[Dataset entries]
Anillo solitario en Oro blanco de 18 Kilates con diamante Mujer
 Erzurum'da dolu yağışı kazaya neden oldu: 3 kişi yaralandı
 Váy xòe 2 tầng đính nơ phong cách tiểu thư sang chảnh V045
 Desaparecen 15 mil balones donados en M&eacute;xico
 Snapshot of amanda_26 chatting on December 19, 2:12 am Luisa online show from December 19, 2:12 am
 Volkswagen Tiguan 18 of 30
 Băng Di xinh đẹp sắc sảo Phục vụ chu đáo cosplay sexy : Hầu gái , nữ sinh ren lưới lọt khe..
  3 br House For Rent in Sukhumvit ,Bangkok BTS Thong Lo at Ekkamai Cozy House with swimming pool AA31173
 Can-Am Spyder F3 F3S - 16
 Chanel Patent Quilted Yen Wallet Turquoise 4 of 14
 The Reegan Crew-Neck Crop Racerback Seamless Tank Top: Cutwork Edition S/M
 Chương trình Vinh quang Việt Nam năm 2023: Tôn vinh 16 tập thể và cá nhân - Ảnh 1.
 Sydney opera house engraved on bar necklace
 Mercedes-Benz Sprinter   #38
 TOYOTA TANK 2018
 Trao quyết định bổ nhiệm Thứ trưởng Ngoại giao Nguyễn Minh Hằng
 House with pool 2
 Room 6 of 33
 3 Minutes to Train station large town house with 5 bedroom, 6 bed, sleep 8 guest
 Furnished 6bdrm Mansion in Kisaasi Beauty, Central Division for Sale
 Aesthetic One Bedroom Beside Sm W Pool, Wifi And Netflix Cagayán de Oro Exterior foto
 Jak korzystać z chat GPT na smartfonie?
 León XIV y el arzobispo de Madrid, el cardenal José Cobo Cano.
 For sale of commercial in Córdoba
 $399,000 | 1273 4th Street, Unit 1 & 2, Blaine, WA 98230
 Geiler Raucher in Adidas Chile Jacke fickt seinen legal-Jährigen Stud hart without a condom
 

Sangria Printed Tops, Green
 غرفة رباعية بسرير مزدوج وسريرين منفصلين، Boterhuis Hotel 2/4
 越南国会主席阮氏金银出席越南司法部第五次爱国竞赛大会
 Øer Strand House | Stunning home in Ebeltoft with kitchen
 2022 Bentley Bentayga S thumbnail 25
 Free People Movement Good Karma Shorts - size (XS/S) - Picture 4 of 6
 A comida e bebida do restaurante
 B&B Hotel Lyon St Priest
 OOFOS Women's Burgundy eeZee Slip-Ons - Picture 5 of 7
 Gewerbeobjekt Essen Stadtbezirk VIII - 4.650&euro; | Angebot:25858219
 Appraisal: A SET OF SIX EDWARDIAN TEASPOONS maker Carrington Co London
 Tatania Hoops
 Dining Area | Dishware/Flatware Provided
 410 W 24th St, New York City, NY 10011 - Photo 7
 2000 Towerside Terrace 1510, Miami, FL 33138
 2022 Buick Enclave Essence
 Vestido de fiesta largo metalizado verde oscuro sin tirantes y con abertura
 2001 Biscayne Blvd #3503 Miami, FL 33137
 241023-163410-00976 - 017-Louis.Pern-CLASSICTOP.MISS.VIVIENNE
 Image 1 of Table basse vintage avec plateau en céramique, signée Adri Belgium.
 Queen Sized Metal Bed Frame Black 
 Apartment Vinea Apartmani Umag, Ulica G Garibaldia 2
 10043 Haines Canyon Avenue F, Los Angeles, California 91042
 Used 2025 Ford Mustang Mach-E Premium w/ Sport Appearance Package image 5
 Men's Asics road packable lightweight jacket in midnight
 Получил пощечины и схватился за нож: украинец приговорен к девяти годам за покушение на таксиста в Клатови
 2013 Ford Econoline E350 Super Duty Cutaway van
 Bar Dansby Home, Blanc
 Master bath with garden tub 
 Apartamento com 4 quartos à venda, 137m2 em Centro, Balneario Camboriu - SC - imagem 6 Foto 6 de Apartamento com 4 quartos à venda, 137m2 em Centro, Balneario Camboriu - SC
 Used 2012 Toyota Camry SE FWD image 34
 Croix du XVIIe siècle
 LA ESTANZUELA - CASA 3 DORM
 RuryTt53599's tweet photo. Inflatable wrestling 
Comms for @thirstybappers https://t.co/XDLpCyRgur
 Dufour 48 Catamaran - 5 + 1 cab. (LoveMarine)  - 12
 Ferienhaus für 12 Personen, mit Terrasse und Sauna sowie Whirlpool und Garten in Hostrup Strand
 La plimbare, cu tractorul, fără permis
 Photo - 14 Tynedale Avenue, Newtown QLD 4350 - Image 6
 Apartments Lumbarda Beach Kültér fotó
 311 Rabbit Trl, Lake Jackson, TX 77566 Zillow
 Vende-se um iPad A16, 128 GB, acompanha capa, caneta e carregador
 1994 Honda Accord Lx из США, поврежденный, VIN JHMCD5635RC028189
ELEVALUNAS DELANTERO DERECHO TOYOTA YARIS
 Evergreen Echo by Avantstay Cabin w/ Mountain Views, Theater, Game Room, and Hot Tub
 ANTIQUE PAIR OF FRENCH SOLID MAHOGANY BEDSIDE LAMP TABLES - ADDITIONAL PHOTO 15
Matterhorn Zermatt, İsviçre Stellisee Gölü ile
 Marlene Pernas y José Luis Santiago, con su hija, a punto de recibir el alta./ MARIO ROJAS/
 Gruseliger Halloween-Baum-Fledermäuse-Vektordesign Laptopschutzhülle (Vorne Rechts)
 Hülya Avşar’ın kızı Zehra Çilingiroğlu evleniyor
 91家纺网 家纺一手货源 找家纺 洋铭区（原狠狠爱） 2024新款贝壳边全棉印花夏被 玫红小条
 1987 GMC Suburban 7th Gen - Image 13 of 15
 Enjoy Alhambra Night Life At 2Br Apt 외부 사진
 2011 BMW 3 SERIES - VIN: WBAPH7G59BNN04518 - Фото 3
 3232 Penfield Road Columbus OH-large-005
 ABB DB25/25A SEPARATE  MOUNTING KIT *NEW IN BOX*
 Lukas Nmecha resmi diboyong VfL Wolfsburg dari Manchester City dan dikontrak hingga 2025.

Work item:
Retype exactly. Start at the line with "3232 Penfield Road Columbus OH-large-005" and stop at the last line of the data.

Solution to this exercise:
 3232 Penfield Road Columbus OH-large-005
 ABB DB25/25A SEPARATE  MOUNTING KIT *NEW IN BOX*
 Lukas Nmecha resmi diboyong VfL Wolfsburg dari Manchester City dan dikontrak hingga 2025.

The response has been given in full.